A Binary Search Tree (BST) is recursively defined as a binary tree which has the following properties:

• The left subtree of a node contains only nodes with keys less than the node’s key.
• The right subtree of a node contains only nodes with keys greater than or equal to the node’s key.
• Both the left and right subtrees must also be binary search trees.

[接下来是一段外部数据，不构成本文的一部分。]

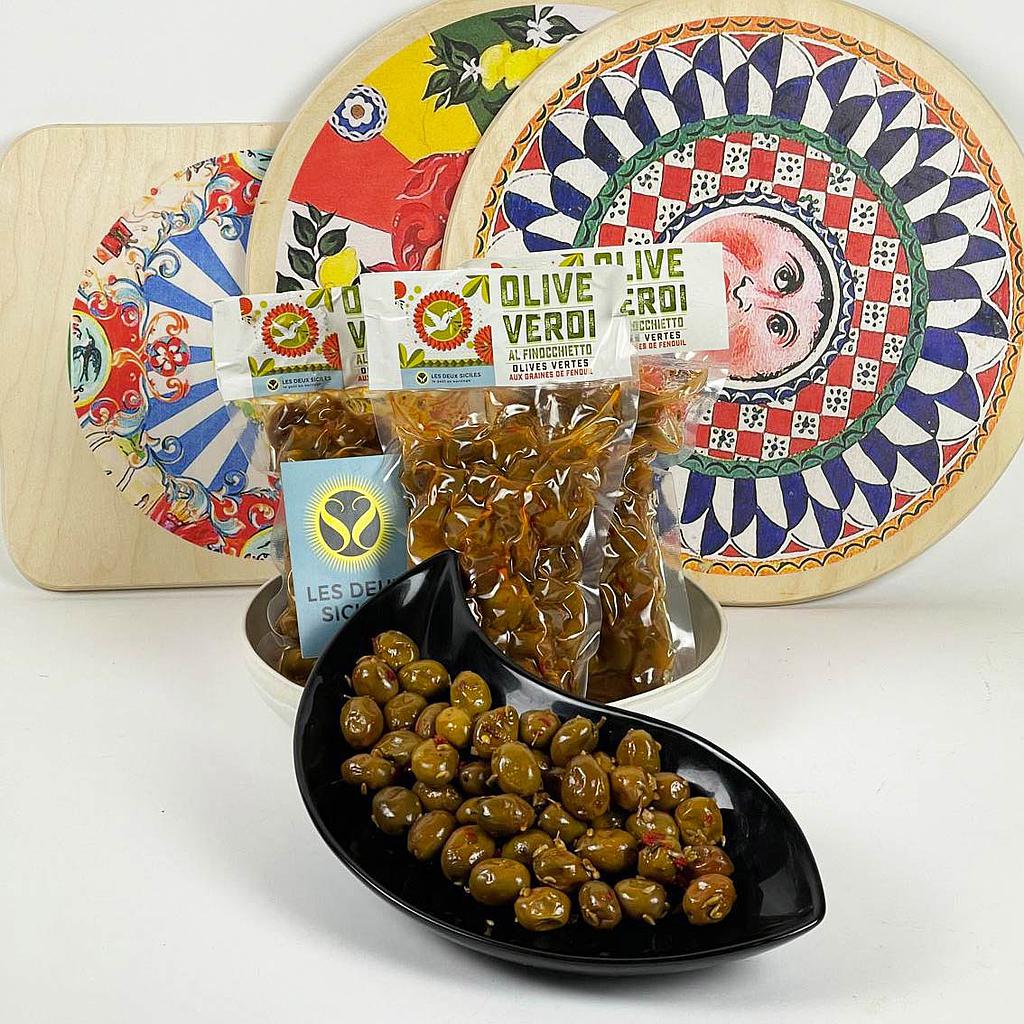 Olives vertes au fenouil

Given the structure of a binary tree and a sequence of distinct integer keys, there is only one way to fill these keys into the tree so that the resulting tree satisfies the definition of a BST. You are supposed to output the level order traversal sequence of that tree. The sample is illustrated by Figure 1 and 2.

Input Specification:

Each input file contains one test case. For each case, the first line gives a positive integer N (≤100) which is the total number of nodes in the tree. The next N lines each contains the left and the right children of a node in the format left_index right_index, provided that the nodes are numbered from 0 to N−1, and 0 is always the root. If one child is missing, then −1 will represent the NULL child pointer. Finally N distinct integer keys are given in the last line.

Output Specification:

For each test case, print in one line the level order traversal sequence of that tree. All the numbers must be separated by a space, with no extra space at the end of the line.

Sample Input:

9
1 6
2 3
-1 -1
-1 4
5 -1
-1 -1
7 -1
-1 8
-1 -1
73 45 11 58 82 25 67 38 42

Sample Output:

58 25 82 11 38 67 45 73 42

思路:

先按照序列构造二叉树，再讲数组排序用中序插入数字

代码:

#include <iostream>
#include <algorithm>
#include <queue>
using namespace std;
struct node {
    int data, left, right;
}tree[99999];
int ele[99999], N, l, r, ele_i = 0, start = true;
void inorder(int root) {
    if(tree[root].left !=  -1) inorder(tree[root].left);
    tree[root].data = ele[ele_i++];
    if(tree[root].right !=  -1) inorder(tree[root].right);
}
void levelorder(int root) {
    queue<int> que;
    que.push(root);
    while(!que.empty()) {
        node n = tree[que.front()];
        if(start) printf("%d", n.data);
        else printf(" %d", n.data);
        start = false;
        que.pop();
        if(n.left != -1) que.push(n.left);
        if(n.right != -1) que.push(n.right);
    }
}
int main() {
    scanf("%d", &N);
    for(int i = 0; i < N; i++) scanf("%d%d", &tree[i].left, &tree[i].right);
    for(int i = 0; i < N; i++) scanf("%d", &ele[i]);
    sort(ele, ele + N);
    inorder(0);
    levelorder(0);
    return 0;
}